* _EXERCISE DESCRIPTION_: Transcribe exactly, and only, the lines from the one containing "Beach With Palm Trees And Rocks" through the last line of the data.

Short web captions
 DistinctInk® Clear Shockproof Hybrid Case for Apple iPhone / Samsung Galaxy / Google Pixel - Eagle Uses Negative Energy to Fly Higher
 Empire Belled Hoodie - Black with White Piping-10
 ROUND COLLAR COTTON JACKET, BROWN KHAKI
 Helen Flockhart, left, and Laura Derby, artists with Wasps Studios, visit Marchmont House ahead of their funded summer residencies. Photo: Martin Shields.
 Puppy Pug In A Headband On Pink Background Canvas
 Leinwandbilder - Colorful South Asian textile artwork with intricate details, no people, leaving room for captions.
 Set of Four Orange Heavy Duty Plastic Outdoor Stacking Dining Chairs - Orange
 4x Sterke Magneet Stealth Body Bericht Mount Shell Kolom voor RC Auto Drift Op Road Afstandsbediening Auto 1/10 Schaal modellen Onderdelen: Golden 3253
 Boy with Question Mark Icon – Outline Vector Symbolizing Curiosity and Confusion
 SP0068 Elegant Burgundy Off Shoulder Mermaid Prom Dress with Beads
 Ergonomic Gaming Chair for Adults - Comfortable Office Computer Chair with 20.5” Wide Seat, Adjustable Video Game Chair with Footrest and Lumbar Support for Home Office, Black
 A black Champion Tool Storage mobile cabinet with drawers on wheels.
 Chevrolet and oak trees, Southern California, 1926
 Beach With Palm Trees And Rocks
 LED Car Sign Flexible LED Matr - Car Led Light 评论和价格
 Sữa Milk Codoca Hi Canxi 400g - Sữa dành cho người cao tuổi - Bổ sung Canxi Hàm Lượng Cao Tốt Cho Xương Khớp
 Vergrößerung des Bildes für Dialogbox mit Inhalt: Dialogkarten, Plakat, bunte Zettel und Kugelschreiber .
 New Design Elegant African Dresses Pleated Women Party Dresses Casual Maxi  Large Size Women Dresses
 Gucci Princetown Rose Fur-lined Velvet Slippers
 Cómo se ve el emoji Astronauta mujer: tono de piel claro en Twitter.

* _ANSWER SECTION_:
 Beach With Palm Trees And Rocks
 LED Car Sign Flexible LED Matr - Car Led Light 评论和价格
 Sữa Milk Codoca Hi Canxi 400g - Sữa dành cho người cao tuổi - Bổ sung Canxi Hàm Lượng Cao Tốt Cho Xương Khớp
 Vergrößerung des Bildes für Dialogbox mit Inhalt: Dialogkarten, Plakat, bunte Zettel und Kugelschreiber .
 New Design Elegant African Dresses Pleated Women Party Dresses Casual Maxi  Large Size Women Dresses
 Gucci Princetown Rose Fur-lined Velvet Slippers
 Cómo se ve el emoji Astronauta mujer: tono de piel claro en Twitter.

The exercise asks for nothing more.